Cryptocurrency and terrorism: ISIS’s use of privacy coins and global regulatory gaps
Keywords:
Cryptocurrency, Terrorism Financing, ISI, Blockchain, Counter-Terrorism Policy, Privacy CoinsAbstract
The paper explores the problem of terrorist financing, taking into consideration the new tendency of using privacy-focused cryptocurrencies and decentralized systems. In particular, the case of ISIS increased use of Monero and Tron, which provide greater anonymity. As the traditional money transfer systems, especially hawala and cash courier systems, are increasingly regulated and subject to being tracked, terror groups have turned to digital assets which allow them to remain anonymous, transfer funds across national borders without restrictions, and avoid regulation entirely.
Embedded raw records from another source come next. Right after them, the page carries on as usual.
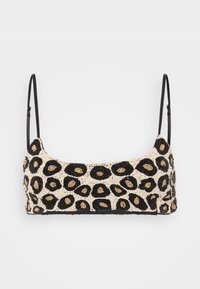 Perlekjole med leopardmønster i svart, gull og beige perler. Den har tynne, justerbare svarte stropper.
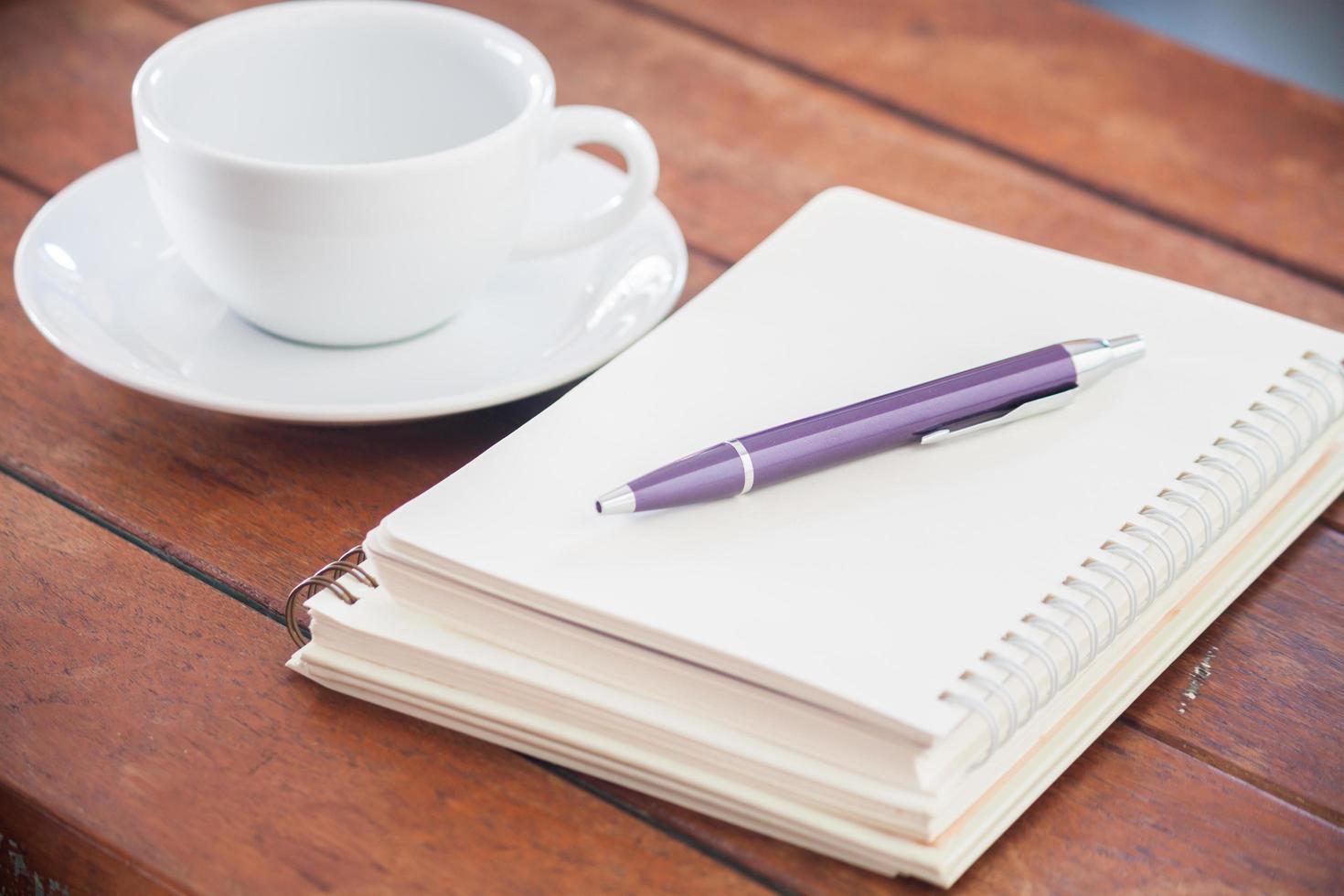 Desk with a coffee and notebook on it photo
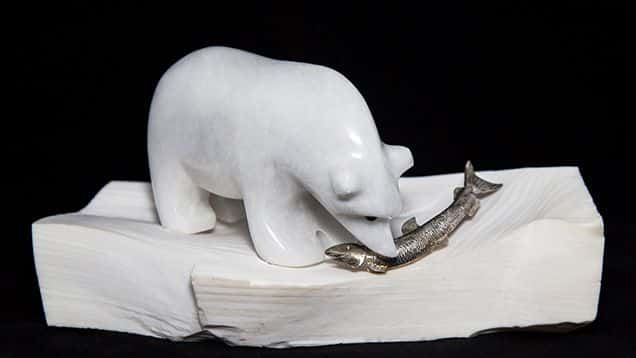 Un marco de madera de ópalo petrificado sostiene el oso polar de mármol.
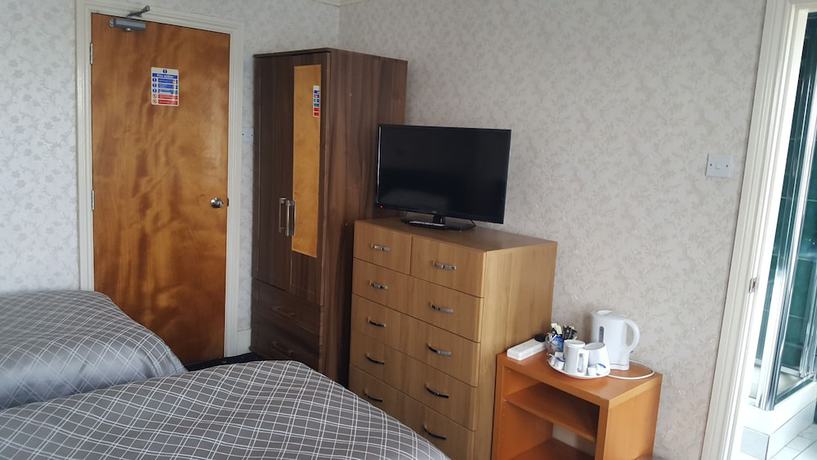 Imagen de la habitación del Hotel Airport Guest House, Colnbrook. Foto 14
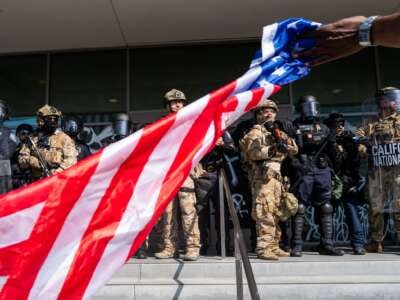 The National Guard and police confront protesters after a series of immigration raids on June 09, 2025, in Los Angeles, California.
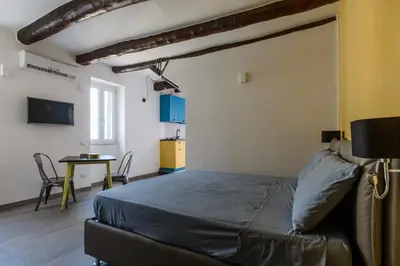 TV o dispositivi per l'intrattenimento presso Napoli Suite Toledo 10 By Dimorra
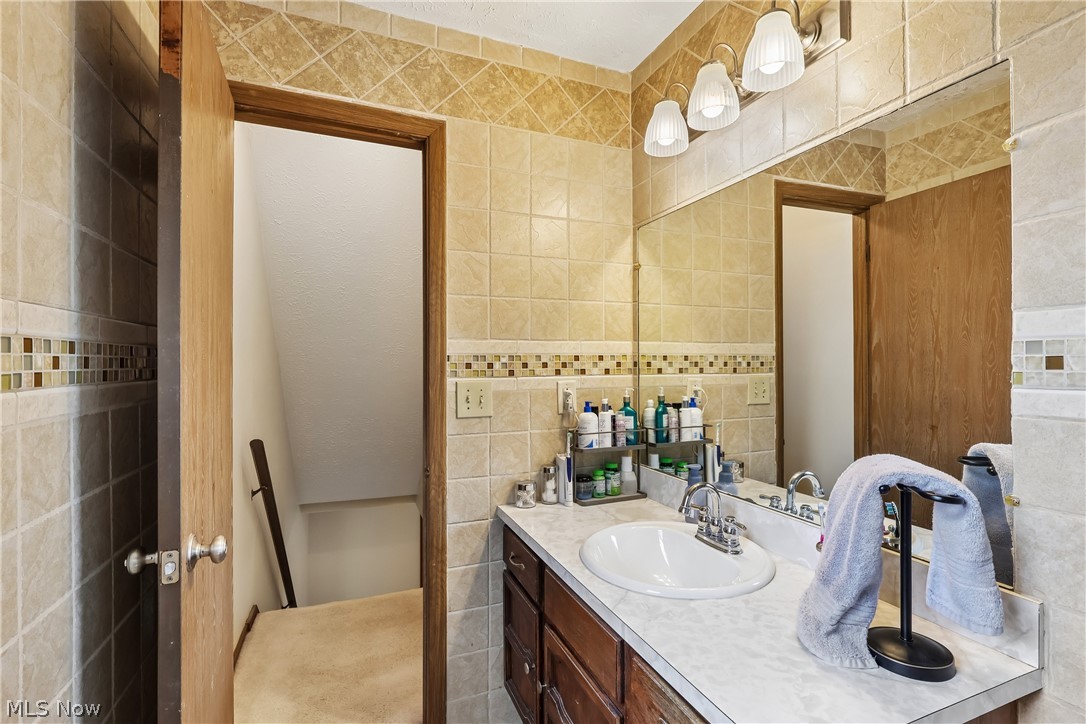 4702 Alger Road Richfield, OH 44286 - Photo 27 of 46 Bathroom vanity featuring a single basin sink and a laminate countertop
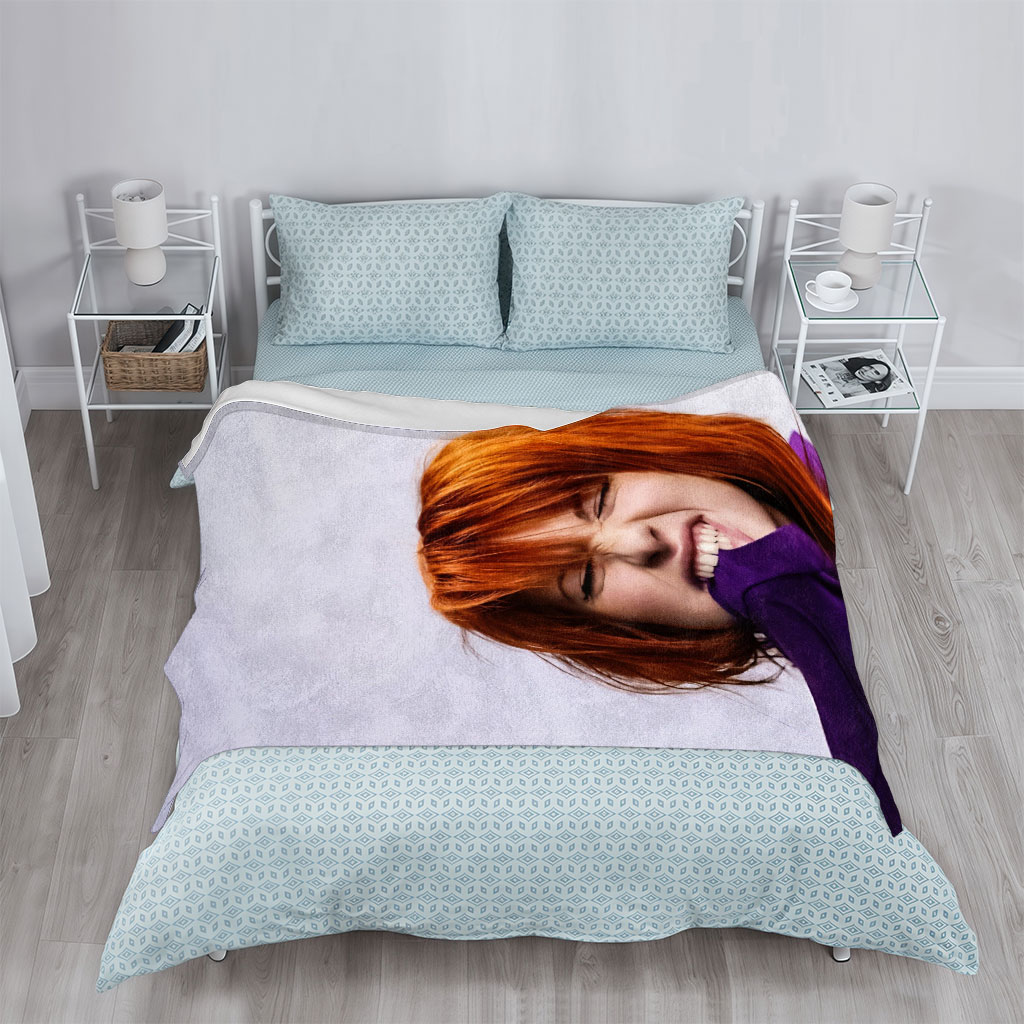 Hayley Williams from Paramore in a Playful Pose Wearing a Purple Nashville Shirt with a Vibrant Design - Blankets
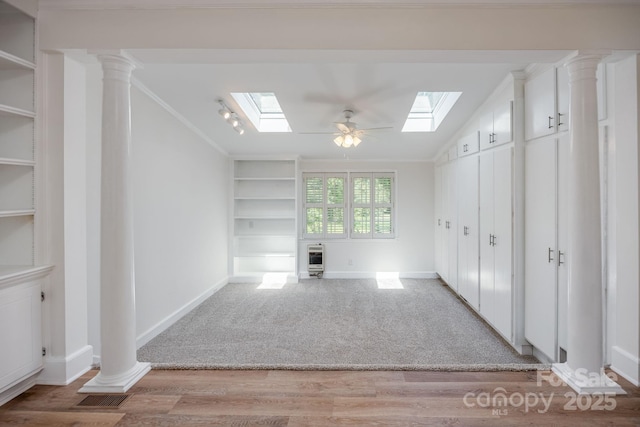 402 Hudson St, Winnsboro, SC 29180 - unfurnished living room with a skylight, baseboards, wood finished floors, and built in features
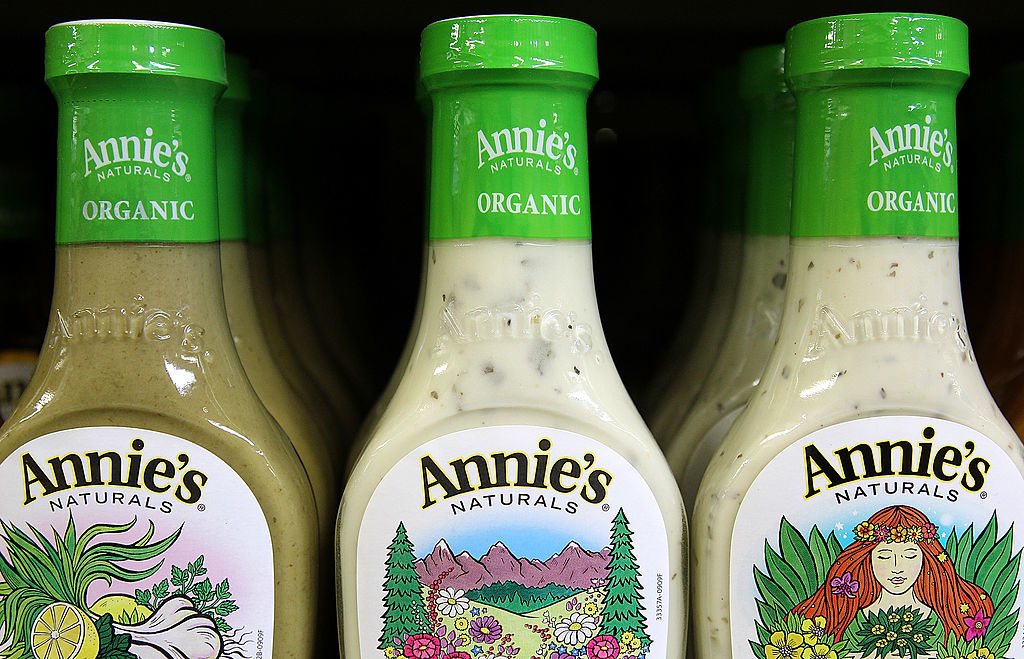 Three bottles of Annie&#x27;s Organic salad dressing on a shelf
Reports shows that ISIS had used these mechanisms to receive over USD 2 million in 2023-2024 in untraceable crypto transfers. The study uses a qualitative case-study analysis method based on Rational Choice Theory (RCT) and Actor-Network Theory (ANT). The results highlight three immediate problems that face global attempts at counter-terrorism: the limited ability of blockchain analytics to track privacy coins, the utilization of country locations with low regulatory control, and the technology gap between terrorist developers and regulators. The paper ends with a set of policy recommendations that will enhance international cooperation, increase the regulation of cryptocurrencies, improve the blockchain forensics, and create a balance between the opportunity of financial innovation and the needs of global security.